== Task statement ==
Give back exactly the lines of the entries below from the line with "微信图片_20240706002552.png" to the line with "FORESKA TEE", inclusive, and only those.

(Records for this task Opens)

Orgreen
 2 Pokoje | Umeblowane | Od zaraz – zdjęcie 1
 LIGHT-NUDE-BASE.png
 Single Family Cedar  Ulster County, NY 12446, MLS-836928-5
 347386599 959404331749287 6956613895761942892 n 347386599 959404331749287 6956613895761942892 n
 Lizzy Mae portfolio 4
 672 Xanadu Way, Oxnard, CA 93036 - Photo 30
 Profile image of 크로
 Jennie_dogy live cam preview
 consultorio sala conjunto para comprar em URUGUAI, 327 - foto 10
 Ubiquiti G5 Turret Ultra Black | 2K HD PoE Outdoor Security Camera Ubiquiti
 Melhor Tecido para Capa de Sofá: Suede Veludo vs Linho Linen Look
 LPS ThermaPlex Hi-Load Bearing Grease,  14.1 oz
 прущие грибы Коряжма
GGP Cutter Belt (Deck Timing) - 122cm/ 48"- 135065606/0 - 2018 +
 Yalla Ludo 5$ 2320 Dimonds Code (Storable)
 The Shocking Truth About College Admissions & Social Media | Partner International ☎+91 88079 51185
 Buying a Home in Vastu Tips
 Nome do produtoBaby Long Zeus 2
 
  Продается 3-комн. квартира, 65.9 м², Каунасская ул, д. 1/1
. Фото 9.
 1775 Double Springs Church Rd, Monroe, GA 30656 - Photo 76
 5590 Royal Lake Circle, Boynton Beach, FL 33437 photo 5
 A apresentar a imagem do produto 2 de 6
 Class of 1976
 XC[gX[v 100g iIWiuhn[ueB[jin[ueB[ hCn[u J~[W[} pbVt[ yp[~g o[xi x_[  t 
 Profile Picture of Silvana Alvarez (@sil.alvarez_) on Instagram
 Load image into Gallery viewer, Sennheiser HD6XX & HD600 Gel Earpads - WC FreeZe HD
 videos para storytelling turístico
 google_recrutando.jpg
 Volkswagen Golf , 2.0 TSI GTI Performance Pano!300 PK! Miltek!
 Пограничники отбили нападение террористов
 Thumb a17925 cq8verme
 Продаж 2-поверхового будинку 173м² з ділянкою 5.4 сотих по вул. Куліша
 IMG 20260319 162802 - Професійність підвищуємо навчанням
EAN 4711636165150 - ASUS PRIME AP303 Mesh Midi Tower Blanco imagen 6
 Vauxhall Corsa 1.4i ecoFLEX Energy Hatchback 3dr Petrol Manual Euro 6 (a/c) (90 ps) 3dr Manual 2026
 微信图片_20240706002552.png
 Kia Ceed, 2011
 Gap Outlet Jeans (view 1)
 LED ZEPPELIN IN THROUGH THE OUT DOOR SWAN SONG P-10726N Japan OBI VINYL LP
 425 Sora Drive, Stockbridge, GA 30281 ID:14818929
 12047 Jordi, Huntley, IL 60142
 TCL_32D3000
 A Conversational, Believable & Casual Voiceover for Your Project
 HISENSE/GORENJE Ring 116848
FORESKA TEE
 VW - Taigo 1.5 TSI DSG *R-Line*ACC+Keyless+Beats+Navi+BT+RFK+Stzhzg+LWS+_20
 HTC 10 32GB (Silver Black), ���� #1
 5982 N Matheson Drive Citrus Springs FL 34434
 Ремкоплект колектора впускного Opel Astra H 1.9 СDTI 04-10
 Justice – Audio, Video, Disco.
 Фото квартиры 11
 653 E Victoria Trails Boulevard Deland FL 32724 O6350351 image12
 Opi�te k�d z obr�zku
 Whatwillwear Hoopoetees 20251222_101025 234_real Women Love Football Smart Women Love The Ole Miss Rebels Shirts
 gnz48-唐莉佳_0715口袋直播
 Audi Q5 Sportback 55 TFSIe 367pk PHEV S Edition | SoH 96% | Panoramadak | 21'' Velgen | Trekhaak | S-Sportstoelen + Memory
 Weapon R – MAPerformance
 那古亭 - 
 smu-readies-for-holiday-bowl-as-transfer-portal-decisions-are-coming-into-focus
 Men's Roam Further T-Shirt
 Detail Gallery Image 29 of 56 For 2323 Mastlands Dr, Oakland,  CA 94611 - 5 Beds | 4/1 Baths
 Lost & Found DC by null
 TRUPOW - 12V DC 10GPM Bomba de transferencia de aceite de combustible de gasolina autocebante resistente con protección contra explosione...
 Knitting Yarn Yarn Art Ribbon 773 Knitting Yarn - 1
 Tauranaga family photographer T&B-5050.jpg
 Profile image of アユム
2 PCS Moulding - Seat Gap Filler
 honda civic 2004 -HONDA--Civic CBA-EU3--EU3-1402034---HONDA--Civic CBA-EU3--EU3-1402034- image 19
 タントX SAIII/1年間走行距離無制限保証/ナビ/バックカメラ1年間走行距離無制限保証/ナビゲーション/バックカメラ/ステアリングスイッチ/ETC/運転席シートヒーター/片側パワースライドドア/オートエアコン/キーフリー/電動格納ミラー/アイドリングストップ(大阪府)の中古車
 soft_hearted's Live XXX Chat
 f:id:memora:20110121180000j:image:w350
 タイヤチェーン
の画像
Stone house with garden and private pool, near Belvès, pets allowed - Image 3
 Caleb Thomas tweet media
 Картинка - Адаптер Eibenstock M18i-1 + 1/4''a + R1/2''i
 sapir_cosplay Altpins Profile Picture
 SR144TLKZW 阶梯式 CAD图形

(Records for this task Closes)

== Answer to this problem ==
 微信图片_20240706002552.png
 Kia Ceed, 2011
 Gap Outlet Jeans (view 1)
 LED ZEPPELIN IN THROUGH THE OUT DOOR SWAN SONG P-10726N Japan OBI VINYL LP
 425 Sora Drive, Stockbridge, GA 30281 ID:14818929
 12047 Jordi, Huntley, IL 60142
 TCL_32D3000
 A Conversational, Believable & Casual Voiceover for Your Project
 HISENSE/GORENJE Ring 116848
FORESKA TEE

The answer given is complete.